確定申告しなかった場合にはどのようなリスクがあるでしょうか?
竹下税理士:確定申告が必要な方で確定申告をしなかった場合、ペナルティとして通常納めなければならない税額に加えて無申告加算税や延滞税などが加算されることがございます。
通常、納めなければいけなかった税額よりも大きい額の税額となりますので注意が必要です。
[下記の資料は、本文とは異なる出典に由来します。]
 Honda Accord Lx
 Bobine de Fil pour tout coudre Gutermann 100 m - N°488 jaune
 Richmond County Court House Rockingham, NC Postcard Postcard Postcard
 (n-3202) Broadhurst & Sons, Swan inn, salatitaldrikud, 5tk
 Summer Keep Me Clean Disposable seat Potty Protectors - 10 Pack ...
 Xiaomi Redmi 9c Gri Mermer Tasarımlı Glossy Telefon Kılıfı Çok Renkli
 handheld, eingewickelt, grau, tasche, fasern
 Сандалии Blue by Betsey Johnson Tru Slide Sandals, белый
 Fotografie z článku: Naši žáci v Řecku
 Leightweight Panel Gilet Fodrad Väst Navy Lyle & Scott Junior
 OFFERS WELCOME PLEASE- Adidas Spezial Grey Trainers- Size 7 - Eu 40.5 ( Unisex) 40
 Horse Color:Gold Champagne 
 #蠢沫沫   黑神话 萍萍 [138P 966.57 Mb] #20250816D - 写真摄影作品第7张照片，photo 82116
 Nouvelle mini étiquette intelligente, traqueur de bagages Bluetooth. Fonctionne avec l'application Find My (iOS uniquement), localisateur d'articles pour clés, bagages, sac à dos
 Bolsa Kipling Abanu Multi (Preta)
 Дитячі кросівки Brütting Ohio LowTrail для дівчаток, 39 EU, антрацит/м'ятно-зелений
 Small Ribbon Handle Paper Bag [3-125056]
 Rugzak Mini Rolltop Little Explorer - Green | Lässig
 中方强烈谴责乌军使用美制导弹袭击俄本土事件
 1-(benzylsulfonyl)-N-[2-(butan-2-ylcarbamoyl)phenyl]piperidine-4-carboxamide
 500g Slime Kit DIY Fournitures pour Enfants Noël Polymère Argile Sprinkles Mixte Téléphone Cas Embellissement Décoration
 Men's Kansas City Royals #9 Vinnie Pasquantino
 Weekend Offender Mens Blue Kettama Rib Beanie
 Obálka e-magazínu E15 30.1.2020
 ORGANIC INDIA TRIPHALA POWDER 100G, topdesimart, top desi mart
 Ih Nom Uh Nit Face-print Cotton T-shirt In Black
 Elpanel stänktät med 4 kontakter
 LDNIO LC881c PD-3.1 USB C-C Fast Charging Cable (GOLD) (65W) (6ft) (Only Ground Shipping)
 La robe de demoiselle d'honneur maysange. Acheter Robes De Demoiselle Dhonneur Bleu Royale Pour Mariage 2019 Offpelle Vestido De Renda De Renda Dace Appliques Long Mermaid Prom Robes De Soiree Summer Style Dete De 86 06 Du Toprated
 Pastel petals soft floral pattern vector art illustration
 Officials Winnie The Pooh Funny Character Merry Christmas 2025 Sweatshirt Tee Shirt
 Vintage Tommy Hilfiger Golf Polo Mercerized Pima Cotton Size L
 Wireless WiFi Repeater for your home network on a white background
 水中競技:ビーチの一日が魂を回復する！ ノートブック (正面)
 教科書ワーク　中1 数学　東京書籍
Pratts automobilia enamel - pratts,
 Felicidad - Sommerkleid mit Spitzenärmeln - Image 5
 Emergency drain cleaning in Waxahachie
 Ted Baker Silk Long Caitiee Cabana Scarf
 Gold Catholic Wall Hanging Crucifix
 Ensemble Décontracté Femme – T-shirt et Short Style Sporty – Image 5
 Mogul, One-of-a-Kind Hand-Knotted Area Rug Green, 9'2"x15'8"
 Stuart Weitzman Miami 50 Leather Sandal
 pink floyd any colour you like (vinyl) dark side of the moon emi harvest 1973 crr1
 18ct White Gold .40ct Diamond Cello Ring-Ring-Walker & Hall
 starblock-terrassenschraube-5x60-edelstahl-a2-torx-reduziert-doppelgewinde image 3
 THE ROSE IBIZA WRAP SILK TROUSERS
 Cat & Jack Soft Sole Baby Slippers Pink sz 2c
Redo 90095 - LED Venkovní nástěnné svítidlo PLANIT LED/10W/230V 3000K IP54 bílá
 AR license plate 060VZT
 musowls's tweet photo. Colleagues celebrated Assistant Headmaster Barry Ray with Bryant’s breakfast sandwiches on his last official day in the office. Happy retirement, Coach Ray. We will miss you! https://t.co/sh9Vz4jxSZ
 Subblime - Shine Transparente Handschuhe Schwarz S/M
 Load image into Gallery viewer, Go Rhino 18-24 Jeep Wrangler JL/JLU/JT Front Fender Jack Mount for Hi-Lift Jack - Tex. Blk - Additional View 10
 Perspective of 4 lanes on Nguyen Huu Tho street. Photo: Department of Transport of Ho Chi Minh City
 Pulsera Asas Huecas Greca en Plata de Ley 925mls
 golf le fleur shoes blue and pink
税理士の先生は暗号資産(仮想通貨)に関する情報収集はどのように?
竹下税理士:基本的には国税庁の情報を拾ってきて、わからないことやまだ発表されていないことは他の税理士からの情報を聞いたりしていました。法人の場合の暗号資産(仮想通貨)の取り扱いは個人と同じ取り扱いになるかどうか等について話していました。
竹下税理士からのメッセージ
確定申告の時期も近づいてきました。利益がでて申告が必要である場合には、早めにご準備されることをおすすめします。
この記事が少しでも皆様のお役にたてば幸いです。
竹下税理士へのインタビューを終えて
- 税理士への相談は、税額の計算方法がわからないという案件が最も多い
- 暗号資産(仮想通貨)流出事件の被害者に対して支払われる補償金も、課税対象となるので注意しよう
- 勤務先に知られたくない場合は、住民税の部分を分けて申告し、きちんと住民税を支払えば大丈夫
- 定期的に利益計算をして、申告の下準備と納税資金の手配をしておく
さて、竹下税理士へのインタビューをお伝えしてきました。
暗号資産(仮想通貨)流出事件の補償金も課税の対象になるなど、有益な情報もたくさんありましたね。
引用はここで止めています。